I was twelve years and 364 days old. The following morning I would wake to birthday cards in the mail. There would be presents to unwrap at a party in the afternoon. This year though, anticipation was mixed with dread. There would be 13 candles on the cake. From tomorrow I would be a teenager, and after that you became a grown-up.

I liked being a child. I especially enjoyed staring out of the window, watching clouds change shape. A ship slowly turned into a piano, and then a cliff face hanging in the air. But I had seen what happened to other boys when they became teenagers. It wasn’t an attractive prospect. Their faces erupted with spots. They got boils on their necks. Limbs started to grow at unequal speeds. Stray hairs sprouted from their chins. They had to spend months – years even – preparing for exams and probably missing Star Trek on TV.

From my observation the world of grown-ups, too, was agonisingly boring. A conspiracy of tedium. My parents had to work every day whether they felt like it or not. They had to wear the same dull clothes every day; as a nurse, my mother even had to wear a uniform. They had to do the washing and ironing and pay the bills and keep the garden tidy. They worried about money all the time. There were whispered conversations about the cost of school uniforms. Being grown-up was a strange totalitarian state to which I seemed destined to be exiled in a few years. The scale and complexity of this world awed me: I felt like a figure in a Jeffrey Smart painting, small and fragile, overshadowed by vast industrial structures. My entire spirit revolted at the thought, that evening before my thirteenth birthday.

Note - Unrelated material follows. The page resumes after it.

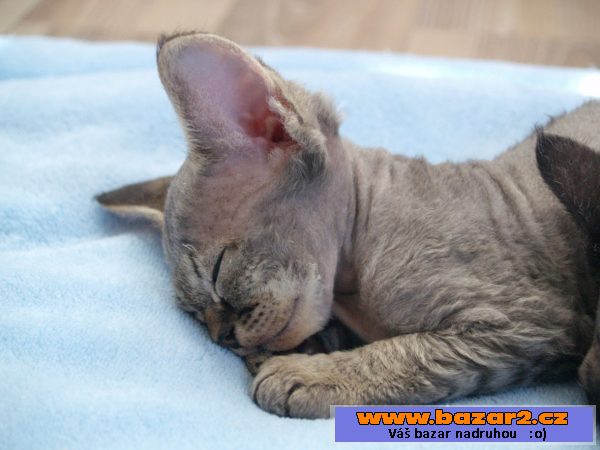 Devon rex s PP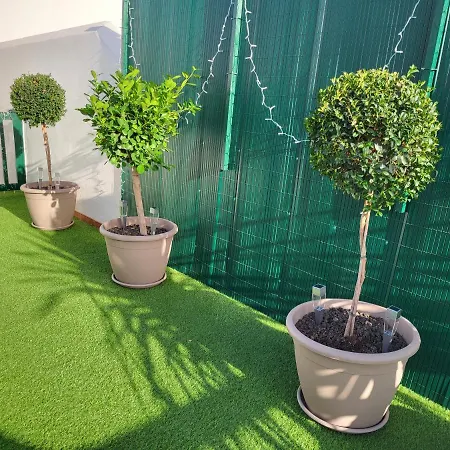 Maravillas De Tenerife Appartement *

Everything happened exactly as I feared. The following year, my voice broke. My schoolboy complexion erupted into a volcanic landscape of red pustules. Hairs spiralled zanily out from my chin. When I shaved, the razor lopped the heads off my spots so that they bled. I went to school with little squares of tissue paper dotting my face, feeling like an outcast from a leper colony. My only consolation was the sight of other boys with just as many spots dotting their faces. It baffled me that one of the worst-afflicted seemed unconcerned by his appearance, no more than his beautiful long-legged girlfriend, captain of the netball team. There was more homework too, of course, but that at least I didn’t mind.

Finally, after all the study and when there were no more exams for me to take, I discovered that I had become a grown-up. I  wore a suit every day. I sat in meetings discussing budgets and timelines and contract deliverables. I discovered the benefits of adulthood too: those things I knew little about on the eve of my thirteenth birthday. There was sex of course. There was travel. There was work: the joy of doing something well. And then there was love.

 A few decades on, I have lived in five cities, thinking each was my home. I have had four professions, each time becoming restless and abandoning it for another. And I have discovered something else. That twelve year-old boy never did grow up after all. He is still there, gazing dreamily out of the window, chin on his hand, happily watching my life unfold and repeatedly re-make itself, as he once watched a cloud change shape over and over again.

I discovered as well that there were other people who had never grown up. I know them by certain signs. And if we ever meet, you and I, perhaps we too will know each other and exchange a smile of recognition.